TASK DETAILS: Among the records that follow, set down only the lines from the one containing "318 Lenz Ave — Photo 6" to the one containing "Property at 12530", both included, exactly.
====== DATA FOR ANALYSIS ======
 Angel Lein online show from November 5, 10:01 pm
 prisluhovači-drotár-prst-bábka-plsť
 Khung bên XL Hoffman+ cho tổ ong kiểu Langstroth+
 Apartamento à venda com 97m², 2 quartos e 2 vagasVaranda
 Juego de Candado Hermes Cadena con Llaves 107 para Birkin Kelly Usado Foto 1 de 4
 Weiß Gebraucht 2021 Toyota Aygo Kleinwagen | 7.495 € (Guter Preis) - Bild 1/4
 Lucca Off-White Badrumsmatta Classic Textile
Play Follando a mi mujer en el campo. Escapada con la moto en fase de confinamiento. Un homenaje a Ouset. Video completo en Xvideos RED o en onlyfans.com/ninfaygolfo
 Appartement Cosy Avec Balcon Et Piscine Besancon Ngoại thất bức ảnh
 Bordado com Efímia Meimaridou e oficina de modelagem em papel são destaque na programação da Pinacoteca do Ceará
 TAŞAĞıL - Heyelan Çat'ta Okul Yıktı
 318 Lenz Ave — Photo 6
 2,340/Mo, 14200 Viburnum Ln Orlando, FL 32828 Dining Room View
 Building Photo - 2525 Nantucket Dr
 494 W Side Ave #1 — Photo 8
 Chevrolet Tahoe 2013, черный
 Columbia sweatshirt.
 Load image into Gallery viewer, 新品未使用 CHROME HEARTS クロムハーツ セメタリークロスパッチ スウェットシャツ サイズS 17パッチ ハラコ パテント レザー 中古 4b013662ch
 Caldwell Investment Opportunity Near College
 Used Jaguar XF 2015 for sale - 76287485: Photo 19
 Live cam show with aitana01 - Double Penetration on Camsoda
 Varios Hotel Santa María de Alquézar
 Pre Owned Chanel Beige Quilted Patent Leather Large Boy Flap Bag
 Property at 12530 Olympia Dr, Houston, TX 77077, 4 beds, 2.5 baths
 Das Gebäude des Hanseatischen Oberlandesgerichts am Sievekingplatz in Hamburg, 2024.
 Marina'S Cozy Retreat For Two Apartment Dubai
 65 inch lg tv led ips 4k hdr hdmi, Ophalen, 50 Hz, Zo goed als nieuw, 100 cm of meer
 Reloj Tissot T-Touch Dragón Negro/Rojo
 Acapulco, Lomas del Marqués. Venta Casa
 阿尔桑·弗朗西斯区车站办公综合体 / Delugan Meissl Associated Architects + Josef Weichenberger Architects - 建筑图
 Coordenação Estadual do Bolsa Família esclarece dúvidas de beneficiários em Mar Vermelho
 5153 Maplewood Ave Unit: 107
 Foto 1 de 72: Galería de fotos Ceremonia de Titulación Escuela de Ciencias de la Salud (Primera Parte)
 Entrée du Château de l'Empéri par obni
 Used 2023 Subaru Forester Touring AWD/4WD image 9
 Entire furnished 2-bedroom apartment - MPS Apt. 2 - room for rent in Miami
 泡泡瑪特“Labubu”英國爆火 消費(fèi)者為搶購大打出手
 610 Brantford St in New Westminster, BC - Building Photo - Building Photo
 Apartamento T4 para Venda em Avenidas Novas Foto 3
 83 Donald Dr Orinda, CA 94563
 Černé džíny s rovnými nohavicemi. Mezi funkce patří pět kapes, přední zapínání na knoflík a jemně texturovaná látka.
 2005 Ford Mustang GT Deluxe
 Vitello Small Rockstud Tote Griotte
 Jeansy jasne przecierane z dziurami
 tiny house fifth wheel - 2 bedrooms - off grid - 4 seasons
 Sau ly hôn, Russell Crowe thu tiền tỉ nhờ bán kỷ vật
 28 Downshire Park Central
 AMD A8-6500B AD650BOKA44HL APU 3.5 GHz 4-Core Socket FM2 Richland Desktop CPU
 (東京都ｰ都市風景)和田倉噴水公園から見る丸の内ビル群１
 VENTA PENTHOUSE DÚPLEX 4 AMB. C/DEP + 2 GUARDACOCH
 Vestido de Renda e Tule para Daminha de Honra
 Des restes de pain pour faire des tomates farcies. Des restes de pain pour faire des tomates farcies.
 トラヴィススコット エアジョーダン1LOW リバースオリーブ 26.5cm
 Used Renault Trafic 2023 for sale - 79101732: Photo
======
RESULT:
 318 Lenz Ave — Photo 6
 2,340/Mo, 14200 Viburnum Ln Orlando, FL 32828 Dining Room View
 Building Photo - 2525 Nantucket Dr
 494 W Side Ave #1 — Photo 8
 Chevrolet Tahoe 2013, черный
 Columbia sweatshirt.
 Load image into Gallery viewer, 新品未使用 CHROME HEARTS クロムハーツ セメタリークロスパッチ スウェットシャツ サイズS 17パッチ ハラコ パテント レザー 中古 4b013662ch
 Caldwell Investment Opportunity Near College
 Used Jaguar XF 2015 for sale - 76287485: Photo 19
 Live cam show with aitana01 - Double Penetration on Camsoda
 Varios Hotel Santa María de Alquézar
 Pre Owned Chanel Beige Quilted Patent Leather Large Boy Flap Bag
 Property at 12530 Olympia Dr, Houston, TX 77077, 4 beds, 2.5 baths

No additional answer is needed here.